▶ **Recorded data**:
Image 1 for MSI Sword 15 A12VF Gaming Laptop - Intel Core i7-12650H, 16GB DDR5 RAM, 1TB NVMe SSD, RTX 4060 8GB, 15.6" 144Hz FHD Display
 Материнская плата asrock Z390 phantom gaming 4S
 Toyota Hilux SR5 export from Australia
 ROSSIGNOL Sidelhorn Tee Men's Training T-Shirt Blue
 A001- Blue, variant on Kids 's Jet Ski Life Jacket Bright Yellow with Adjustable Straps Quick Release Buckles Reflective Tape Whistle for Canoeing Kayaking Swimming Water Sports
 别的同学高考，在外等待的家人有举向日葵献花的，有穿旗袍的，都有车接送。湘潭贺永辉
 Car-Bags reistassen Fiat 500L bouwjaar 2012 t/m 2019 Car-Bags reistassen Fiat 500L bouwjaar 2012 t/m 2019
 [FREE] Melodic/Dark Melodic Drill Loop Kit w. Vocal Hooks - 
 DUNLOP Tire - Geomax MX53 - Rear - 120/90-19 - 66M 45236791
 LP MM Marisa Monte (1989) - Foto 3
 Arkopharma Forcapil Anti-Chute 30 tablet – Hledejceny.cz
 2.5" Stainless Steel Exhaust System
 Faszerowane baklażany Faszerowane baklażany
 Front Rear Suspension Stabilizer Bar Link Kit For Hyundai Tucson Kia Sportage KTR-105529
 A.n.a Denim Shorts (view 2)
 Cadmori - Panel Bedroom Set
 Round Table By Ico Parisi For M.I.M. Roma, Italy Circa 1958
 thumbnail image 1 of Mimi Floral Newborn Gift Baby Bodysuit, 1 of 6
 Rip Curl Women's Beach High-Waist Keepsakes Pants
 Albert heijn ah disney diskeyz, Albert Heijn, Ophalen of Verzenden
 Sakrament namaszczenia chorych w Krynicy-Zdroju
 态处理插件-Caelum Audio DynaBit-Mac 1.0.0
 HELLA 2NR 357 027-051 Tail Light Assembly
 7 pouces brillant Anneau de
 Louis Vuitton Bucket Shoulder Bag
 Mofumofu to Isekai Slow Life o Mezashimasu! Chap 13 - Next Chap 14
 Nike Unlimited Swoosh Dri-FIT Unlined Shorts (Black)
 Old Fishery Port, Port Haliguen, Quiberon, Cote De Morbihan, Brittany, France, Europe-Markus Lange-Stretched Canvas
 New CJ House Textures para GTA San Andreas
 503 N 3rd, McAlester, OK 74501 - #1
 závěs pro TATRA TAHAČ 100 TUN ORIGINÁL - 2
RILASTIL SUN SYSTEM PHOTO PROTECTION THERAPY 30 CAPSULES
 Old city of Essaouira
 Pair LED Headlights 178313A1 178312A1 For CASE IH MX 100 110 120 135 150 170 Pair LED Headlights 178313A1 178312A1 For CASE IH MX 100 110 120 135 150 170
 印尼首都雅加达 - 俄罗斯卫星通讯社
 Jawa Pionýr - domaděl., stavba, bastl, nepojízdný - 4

▶ **Your objective**:
Among the entries above, locate the lines containing "HELLA 2NR 357 027-051 Tail Light Assembly" and "Nike Unlimited Swoosh", and transcribe exactly those two lines and all lines between.

▶ **Task answer**:
 HELLA 2NR 357 027-051 Tail Light Assembly
 7 pouces brillant Anneau de
 Louis Vuitton Bucket Shoulder Bag
 Mofumofu to Isekai Slow Life o Mezashimasu! Chap 13 - Next Chap 14
 Nike Unlimited Swoosh Dri-FIT Unlined Shorts (Black)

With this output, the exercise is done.